Previdenza e private capital, AIFI: attivare circuito virtuoso risparmio-imprese-crescita-lavoro
(Teleborsa) - Il Consiglio Direttivo di AIFI (Associazione Italiana del Private Equity, Venture Capital e Private Debt) si è riunito oggi per commentare gli esiti dell'incontro tecnico organizzato lo scorso 5 maggio con CDP e CDP Venture Capital SGR, su previdenza e Venture Capital.Secondo l'associazione, il settore previdenziale è interessato a investire nell'economia reale del nostro Paese sebbene le allocazioni ad oggi siano ancora relativamente basse; si deve fare di più per favorire il circuito virtuoso risparmio-imprese-crescita-lavoro, tenendo anche conto che l'investimento nel private capital italiano consente di avere un'allocazione che riflette il valore strategico dell'innovazione da cui il sistema economico non può prescindere per attrarre talenti e mantenere competitività. Questo è tanto più vero con riferimento al venture capital che rappresenta l'economia del domani, in termini di nuove tecnologie, nuovi sistemi produttivi, nuove imprese.

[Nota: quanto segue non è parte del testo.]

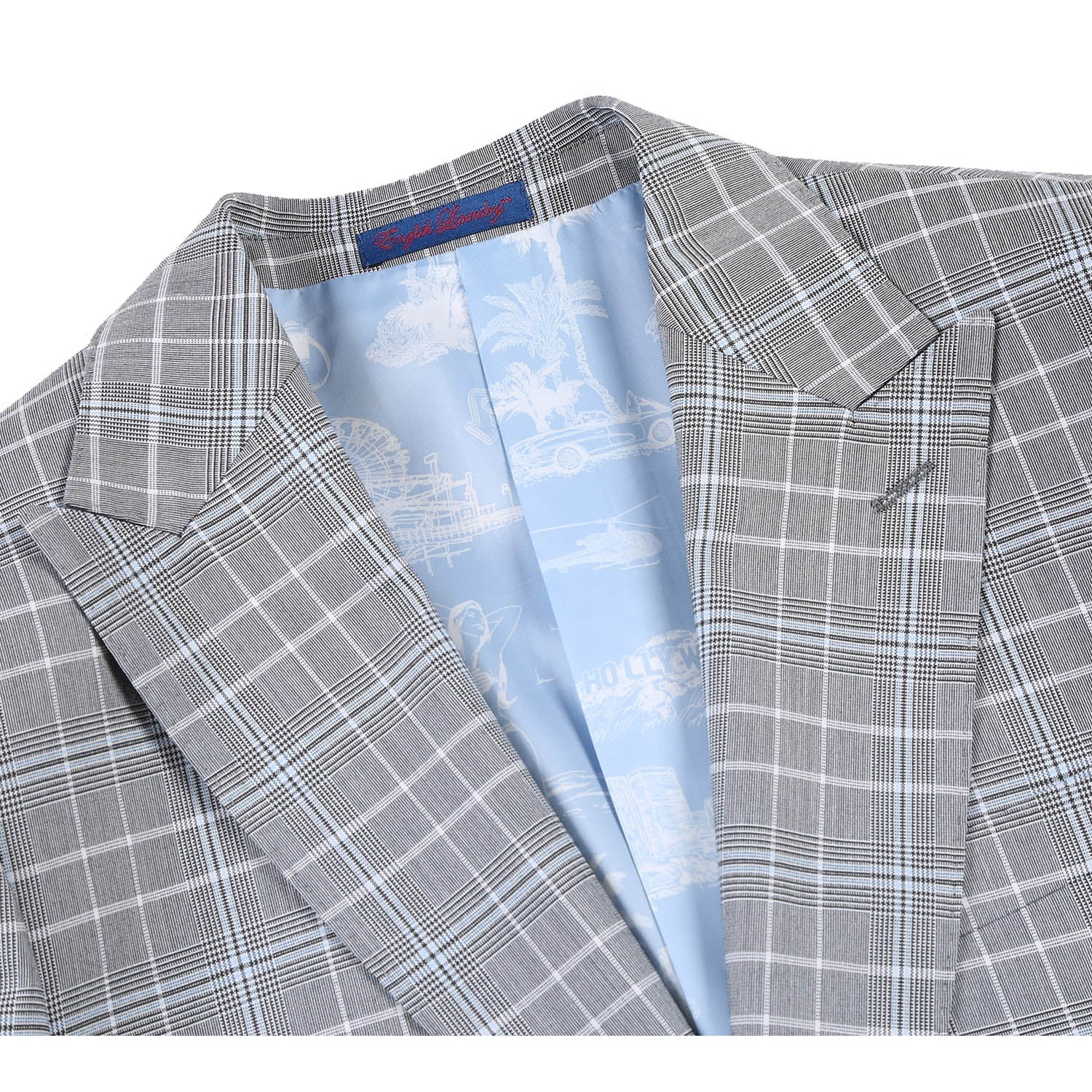 Renoir 82-60-092EL White Smoke Plaid Suit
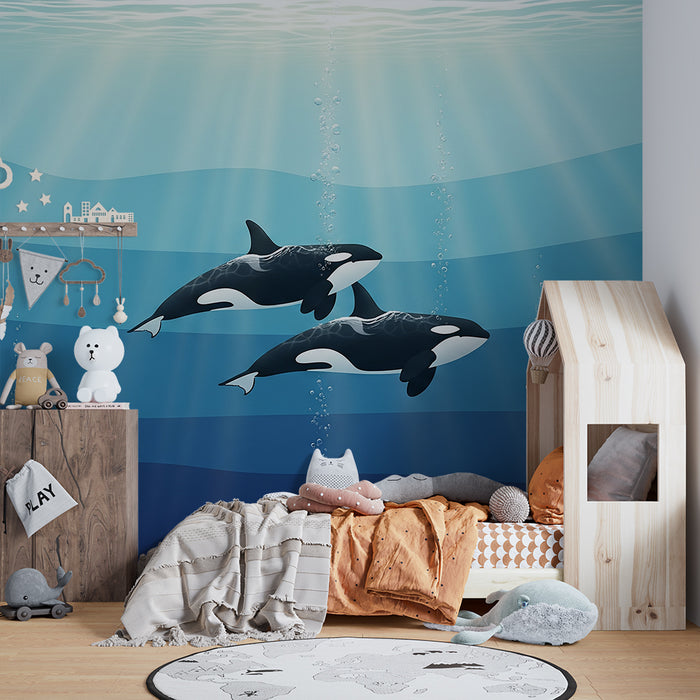 Papier peint chambre enfant | Orques majestueuses nageant dans les profondeurs marines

"Occorre tenere conto che il venture capital è parte integrante del nostro sistema finanziario, prospera in ambienti dove esistono competenze diffuse e operatori finanziari robusti in tutti i comparti ed è molto forte la connessione tra i diversi segmenti per favorire la crescita delle nuove imprese - dichiara il presidente Innocenzo Cipolletta - Per questo è molto importante sostenere il sistema del private capital nel suo complesso".
Le istituzioni, sostiene AIFI, si devono impegnare direttamente per promuovere un'azione di sistema di lungo periodo a favore del venture capital e del private capital nel suo complesso, facendo ricorso a diversi strumenti, dagli incentivi fiscali per gli investitori che siano semplici da applicare, ad un impianto regolatorio che faciliti questo tipo di investimenti, fino ai fondi di fondi dedicati.